Are you suggesting to use the inline buffer for fsname with NAME_MAX
as the limit
with this patch ?

> So, if we are receiving filesystem name as mount command's option, then I think
> we need to consider another structure(s) for fs_name and we can store it during
> mount phase. Potentially, we can consider struct ceph_fs_client [1], struct
> ceph_mount_options [2], or struct ceph_client [3]. But I think that struct
> ceph_mount_options looks like a more proper place. What do you think?
>

We do this already. The fsname is saved in the 'struct ceph_mount_options' as we
parse it from the mount options. I think this is used only during the
mount. The
mds server does send mdsmap and fsname is part of it. This will be used for mds
authcaps validation. Are you suggesting not to decode the fsname from mdsmap ?

> Thanks,
> Slava.
>
> [1] https://elixir.bootlin.com/linux/v6.16/source/fs/ceph/super.h#L120
> [2] https://elixir.bootlin.com/linux/v6.16/source/fs/ceph/super.h#L80
> [3]
> https://elixir.bootlin.com/linux/v6.16/source/include/linux/ceph/libceph.h#L115
>
> >
> > >
> > > > I am not sure what's the right approach to choose here. In kclient,
> > > > assuming ceph fsname not to be bigger than PATH_MAX seems to be safe
> > > > as the kclient today is
> > > > not able to mount the ceph fsname bigger than PATH_MAX. I also
> > > > observed that the kclient failed to mount the ceph fsname with length
> > > > little less than
> > > > PATH_MAX (4090). So it's breaking somewhere with the entire path
> > > > component being considered. Anyway, I will open the discussion to
> > > > everyone here.
> > > > If we are restricting the max fsname length, we need to restrict it
> > > > while creating it in my opinion and fix it across the project both in
> > > > kclient fuse.
> > > >
> > > >
> > >
> > > I could say that it is much safer to assume that filesystem name should fit into
> > > NAME_MAX.
> > >
> > >
> > > Thanks,
> > > Slava.
> > >
> > > > >
> > > > > > >
> > > > > > > > 3. I will fix up doutc in the next revision.

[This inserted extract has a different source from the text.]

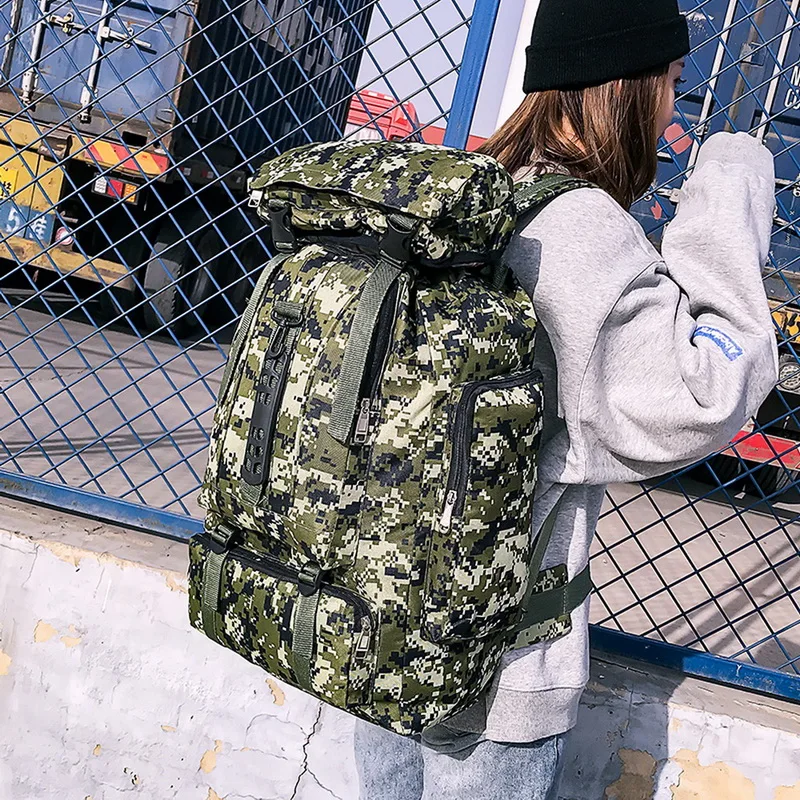 Littihing Открытый Военный Рюкзак Molle сумки походный рюкзак Кемпинг путешествия треккинг рюкзаки Прямая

> > > > > > > > 4. The fs_name is part of the mdsmap in the server side [1]. The kernel client decodes only necessary fields from the mdsmap sent by the server. Until now, the fs_name
> > > > > > > >     was not being decoded, as part of this fix, it's required and being decoded.
> > > > > > > >
> > > > > > >
> > > > > > > Correct me if I am wrong. I can create a Ceph cluster with several MDS servers.

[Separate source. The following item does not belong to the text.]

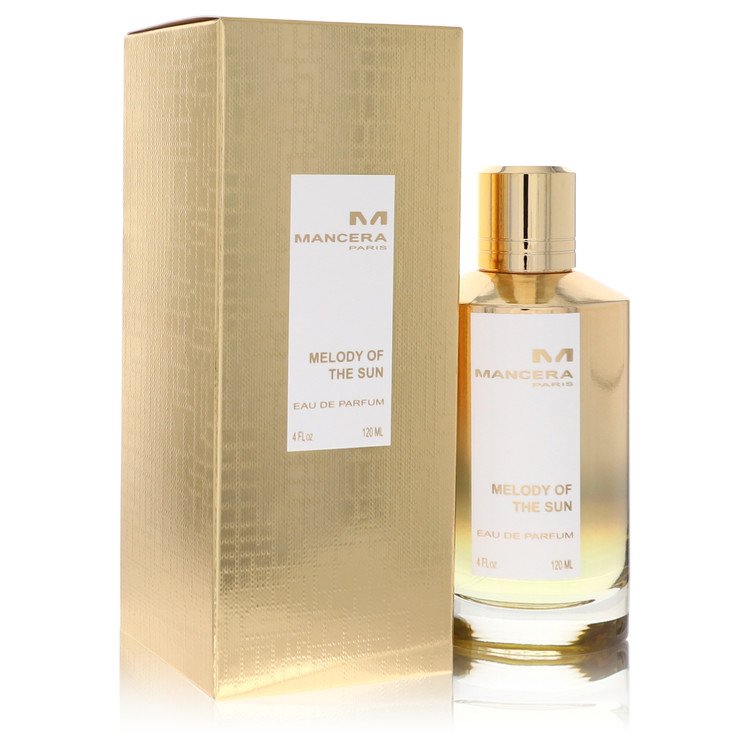 Mancera Melody Of The Sun Perfume By Mancera Eau De Parfum Spray (Unisex)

> > > > > > > In this cluster, I can create multiple file system volumes. And every file
> > > > > > > system volume will have some name (fs_name). So, if we store fs_name into
> > > > > > > mdsmap, then which name do we imply here? Do we imply cluster name as fs_name or
> > > > > > > name of particular file system volume?
> > > > > >
> > > > > > In CephFS, we mainly deal with two maps MDSMap[1] and FSMap[2]. The MDSMap represents
> > > > > > the state for a particular single filesystem. So the ‘fs_name’ in the MDSMap points to a file system
> > > > > > name that the MDSMap represents. Each filesystem will have a distinct MDSMap. The FSMap was
> > > > > > introduced to support multiple filesystems in the cluster. The FSMap holds all the filesystems in the
> > > > > > cluster using the MDSMap of each file system. The clients subscribe to these maps. So when kclient
> > > > > > is receiving a mdsmap, it’s corresponding to the filesystem it’s dealing with.
> > > > > >
> > > > >
> > > > > So, it's sounds to me that MDS keeps multiple MDSMaps for multiple file systems.

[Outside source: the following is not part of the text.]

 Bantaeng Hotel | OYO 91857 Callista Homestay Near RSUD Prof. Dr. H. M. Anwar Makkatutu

> > > > > And kernel side receives only MDSMap for operations. The FSMap is kept on MDS
> > > > > side and kernel never receives it. Am I right here?
> > > >
> > > > No, not really. The kclient decodes the FSMap as well. The fsname and
> > > > monitor ip are passed in the mount command, the kclient
> > > > contacts the monitor and receives the list of the file systems in the
> > > > cluster via FSMap. The passed fsname from the
> > > > mount command is compared against the list of file systems in the
> > > > FSMap decoded. If the fsname is found, it fetches
> > > > the fscid and requests the corresponding mdsmap from the respective
> > > > mds using fscid.
> > > >
> > > > >
> > > > > Thanks,
> > > > > Slava.
> > > > >
> > > > > > [1] https://github.com/ceph/ceph/blob/main/src/mds/MDSMap.h
> > > > > > [2] https://github.com/ceph/ceph/blob/main/src/mds/FSMap.h
> > > > > >
> > > > > > Thanks,
> > > > > > Kotresh H R
> > > > > >
> > > > > > >
> > > > > > > Thanks,
> > > > > > > Slava.
> > > > > > >
> > > > > > > >
> > > > > > > >
> > > > > > >
> > > > > > > [1]
> > > > > > > https://elixir.bootlin.com/linux/v6.16/source/include/uapi/linux/limits.h#L12
> > > > > > >
> > > > > > > > [1] https://github.com/ceph/ceph/blob/main/src/mds/MDSMap.h#L596
> > > > > > > >
> > > > > > > > On Tue, Jul 29, 2025 at 11:57 PM Viacheslav Dubeyko <Slava.Dubeyko@xxxxxxx> wrote:
> > > > > > > > > On Tue, 2025-07-29 at 22:32 +0530, khiremat@xxxxxxxxxx wrote:
> > > > > > > > > > From: Kotresh HR <khiremat@xxxxxxxxxx>
> > > > > > > > > >
> > > > > > > > > > The mds auth caps check should also validate the
> > > > > > > > > > fsname along with the associated caps. Not doing
> > > > > > > > > > so would result in applying the mds auth caps of
> > > > > > > > > > one fs on to the other fs in a multifs ceph cluster.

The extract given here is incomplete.